De uil heeft een korte haaksnavel en krachtige, op een tang gelijkende klauwen, zoals die van de havik. Hij onderscheidt zich echter door zijn brede kop, zijn grote ogen en oren, alsook door de buitenste teen aan elk van beide poten, die in verschillende standen geplaatst kan worden; terwijl de andere tenen naar voren gericht zijn, kan deze buitenste teen opzij en zelfs naar achteren gedraaid worden, waardoor de vogel de meest uiteenlopende voorwerpen stevig kan vastgrijpen. Dank zij de grote ogen, waarvan de iris zich kan verwijden, is de uil in staat het zwakke licht in de nacht optimaal te benutten, en in tegenstelling tot de meeste andere vogels maken zijn ogen het mogelijk binoculair te zien, d.w.z. hij kan een voorwerp met beide ogen tegelijk zien. Zijn zachte verenkleed is bruin gespikkeld en heeft een ingewikkeld patroon, waardoor de vogel over het algemeen groter lijkt dan hij is. Volgens een artikel in The Scientific American (april 1962, blz. 78) zijn de vleugels van de uil zo geruisloos dat hij onhoorbaar kan naderen; het zachte dons op de bovenzijde en de verenfranjes aan de voor- en achterzijde van de vleugels dienen kennelijk om de turbulentie van de luchtstroom te verminderen. Zo vliegt de uil geruisloos door het donker en stort zich dan zonder geluid op zijn nietsvermoedende prooi. Hij vangt vooral knaagdieren, hoewel sommige soorten ook kleine vogels en insekten eten. De roep van de uil varieert van een hoog gekrijs tot een hol galmend „hoehóe”.

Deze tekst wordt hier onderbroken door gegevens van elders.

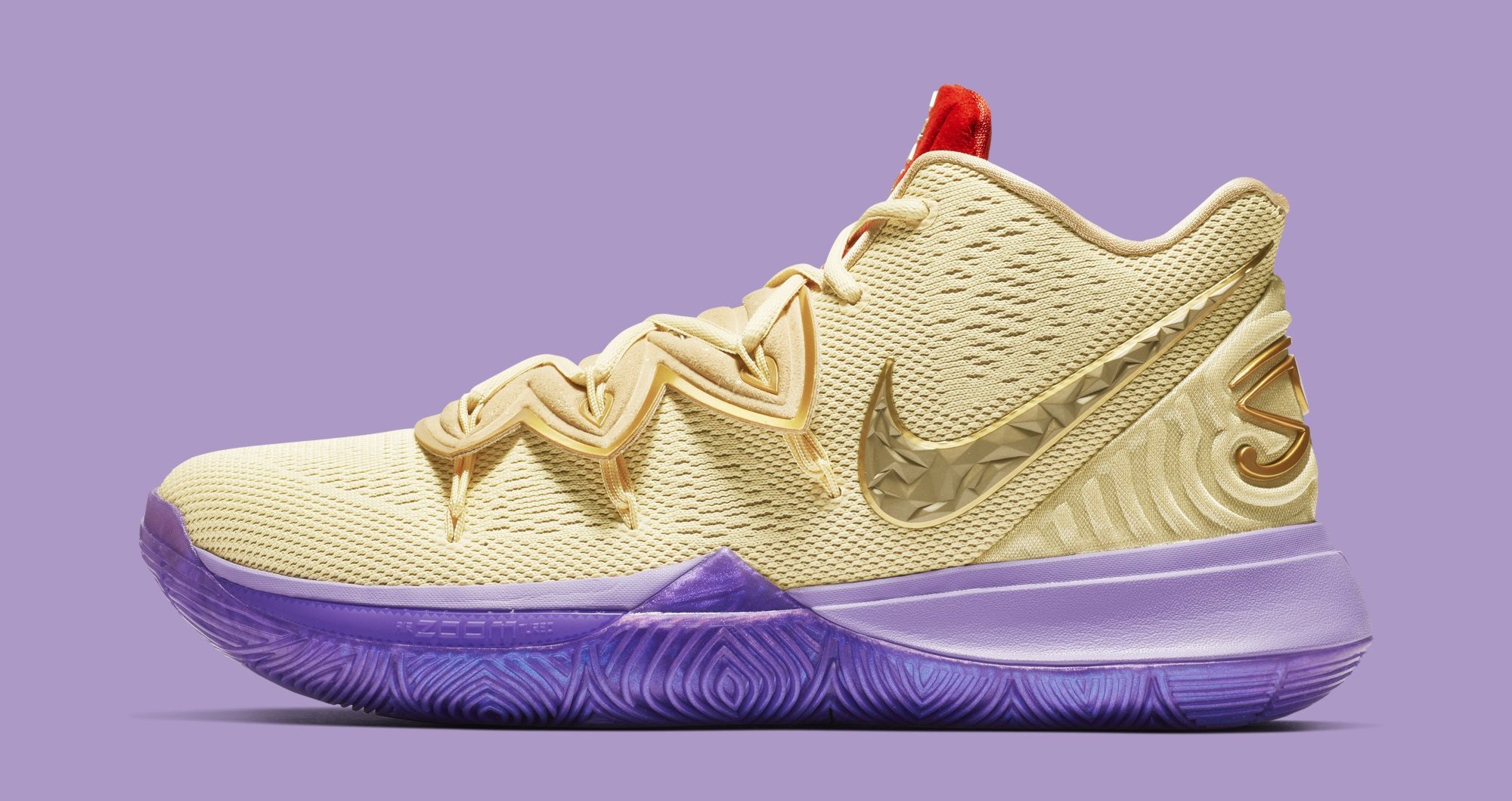 Concepts x Nike Kyrie 5 &#x27;Ikhet&#x27; CI9961 900 (Lateral)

Het Hebreeuwse woord kōs heeft betrekking op een ’onreine’ vogel (Lev. 11:13, 17; Deut. 14:16). Volgens sommigen duidt kōs op een „kleine uil”, namelijk de „steenuil” (Lu; NBG; SV; Lexicon in Veteris Testamenti Libros door Koehler en Baumgartner, blz. 428), de Athene noctua. Aangezien het Hebreeuwse woord (kōs) op andere plaatsen met „beker” is vertaald (Gen. 40:11), denken sommigen dat men dit woord voor de uil gebruikt om de kenmerkende „sluier” of verenkrans rond de ogen aan te duiden, waarbij de stijve, straalsgewijs uitstaande veren een komvormig effect geven. Anderen brengen de naam in verband met de roep van de vogel; zo laat de steenuil een klagend „koewiet, koewiet” horen. Het ongeveer 25 cm metende steenuiltje is een van de meest voorkomende uilen in Palestina; het is te vinden in heesters, olijfbosjes en verlaten ruïnes. De psalmist voelde zich in zijn eenzaamheid en smart als „een kleine uil [steenuil, NBG (102:7)] der ruïnes” (Ps. 102:6). Heel toepasselijk luidt de Arabische naam voor deze speciale uilesoort dan ook „moeder der ruïnes”.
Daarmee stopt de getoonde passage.